The problem: Write out the full listing, matching it line for line.

The input:
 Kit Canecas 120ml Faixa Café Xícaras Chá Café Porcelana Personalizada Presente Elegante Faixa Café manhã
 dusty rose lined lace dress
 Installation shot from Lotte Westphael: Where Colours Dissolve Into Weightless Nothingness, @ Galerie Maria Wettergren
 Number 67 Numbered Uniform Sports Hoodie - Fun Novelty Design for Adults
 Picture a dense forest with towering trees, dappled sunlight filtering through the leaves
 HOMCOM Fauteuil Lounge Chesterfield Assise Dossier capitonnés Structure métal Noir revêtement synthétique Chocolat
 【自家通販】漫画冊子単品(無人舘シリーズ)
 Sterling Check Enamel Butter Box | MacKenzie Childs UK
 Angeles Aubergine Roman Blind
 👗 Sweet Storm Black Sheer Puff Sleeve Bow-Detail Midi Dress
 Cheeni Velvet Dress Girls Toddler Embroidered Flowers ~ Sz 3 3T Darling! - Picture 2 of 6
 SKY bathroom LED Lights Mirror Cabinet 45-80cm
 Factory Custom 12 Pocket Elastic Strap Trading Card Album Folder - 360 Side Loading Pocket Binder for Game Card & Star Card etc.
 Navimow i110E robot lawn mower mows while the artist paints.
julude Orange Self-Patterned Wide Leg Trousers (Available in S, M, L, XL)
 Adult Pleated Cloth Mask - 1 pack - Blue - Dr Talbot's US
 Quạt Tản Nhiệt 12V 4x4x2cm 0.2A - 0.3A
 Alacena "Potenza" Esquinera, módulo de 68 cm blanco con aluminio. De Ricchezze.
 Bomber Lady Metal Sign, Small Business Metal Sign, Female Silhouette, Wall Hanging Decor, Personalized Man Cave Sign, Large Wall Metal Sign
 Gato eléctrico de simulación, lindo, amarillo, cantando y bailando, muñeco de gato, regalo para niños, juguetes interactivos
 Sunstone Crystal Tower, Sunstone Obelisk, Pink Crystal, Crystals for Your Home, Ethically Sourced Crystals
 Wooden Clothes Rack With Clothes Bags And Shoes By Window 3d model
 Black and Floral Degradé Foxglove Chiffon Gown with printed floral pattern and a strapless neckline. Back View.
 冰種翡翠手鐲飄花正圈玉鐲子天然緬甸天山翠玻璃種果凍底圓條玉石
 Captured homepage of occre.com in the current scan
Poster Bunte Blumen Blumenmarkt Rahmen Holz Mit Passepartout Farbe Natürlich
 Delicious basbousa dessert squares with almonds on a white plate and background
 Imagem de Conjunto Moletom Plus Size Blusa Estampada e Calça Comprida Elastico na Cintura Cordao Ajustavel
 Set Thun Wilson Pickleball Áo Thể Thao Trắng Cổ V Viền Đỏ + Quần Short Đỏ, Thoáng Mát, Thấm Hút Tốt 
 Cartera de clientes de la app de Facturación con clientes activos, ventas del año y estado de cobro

Exercise solution:
 Kit Canecas 120ml Faixa Café Xícaras Chá Café Porcelana Personalizada Presente Elegante Faixa Café manhã
 dusty rose lined lace dress
 Installation shot from Lotte Westphael: Where Colours Dissolve Into Weightless Nothingness, @ Galerie Maria Wettergren
 Number 67 Numbered Uniform Sports Hoodie - Fun Novelty Design for Adults
 Picture a dense forest with towering trees, dappled sunlight filtering through the leaves
 HOMCOM Fauteuil Lounge Chesterfield Assise Dossier capitonnés Structure métal Noir revêtement synthétique Chocolat
 【自家通販】漫画冊子単品(無人舘シリーズ)
 Sterling Check Enamel Butter Box | MacKenzie Childs UK
 Angeles Aubergine Roman Blind
 👗 Sweet Storm Black Sheer Puff Sleeve Bow-Detail Midi Dress
 Cheeni Velvet Dress Girls Toddler Embroidered Flowers ~ Sz 3 3T Darling! - Picture 2 of 6
 SKY bathroom LED Lights Mirror Cabinet 45-80cm
 Factory Custom 12 Pocket Elastic Strap Trading Card Album Folder - 360 Side Loading Pocket Binder for Game Card & Star Card etc.
 Navimow i110E robot lawn mower mows while the artist paints.
julude Orange Self-Patterned Wide Leg Trousers (Available in S, M, L, XL)
 Adult Pleated Cloth Mask - 1 pack - Blue - Dr Talbot's US
 Quạt Tản Nhiệt 12V 4x4x2cm 0.2A - 0.3A
 Alacena "Potenza" Esquinera, módulo de 68 cm blanco con aluminio. De Ricchezze.
 Bomber Lady Metal Sign, Small Business Metal Sign, Female Silhouette, Wall Hanging Decor, Personalized Man Cave Sign, Large Wall Metal Sign
 Gato eléctrico de simulación, lindo, amarillo, cantando y bailando, muñeco de gato, regalo para niños, juguetes interactivos
 Sunstone Crystal Tower, Sunstone Obelisk, Pink Crystal, Crystals for Your Home, Ethically Sourced Crystals
 Wooden Clothes Rack With Clothes Bags And Shoes By Window 3d model
 Black and Floral Degradé Foxglove Chiffon Gown with printed floral pattern and a strapless neckline. Back View.
 冰種翡翠手鐲飄花正圈玉鐲子天然緬甸天山翠玻璃種果凍底圓條玉石
 Captured homepage of occre.com in the current scan
Poster Bunte Blumen Blumenmarkt Rahmen Holz Mit Passepartout Farbe Natürlich
 Delicious basbousa dessert squares with almonds on a white plate and background
 Imagem de Conjunto Moletom Plus Size Blusa Estampada e Calça Comprida Elastico na Cintura Cordao Ajustavel
 Set Thun Wilson Pickleball Áo Thể Thao Trắng Cổ V Viền Đỏ + Quần Short Đỏ, Thoáng Mát, Thấm Hút Tốt 
 Cartera de clientes de la app de Facturación con clientes activos, ventas del año y estado de cobro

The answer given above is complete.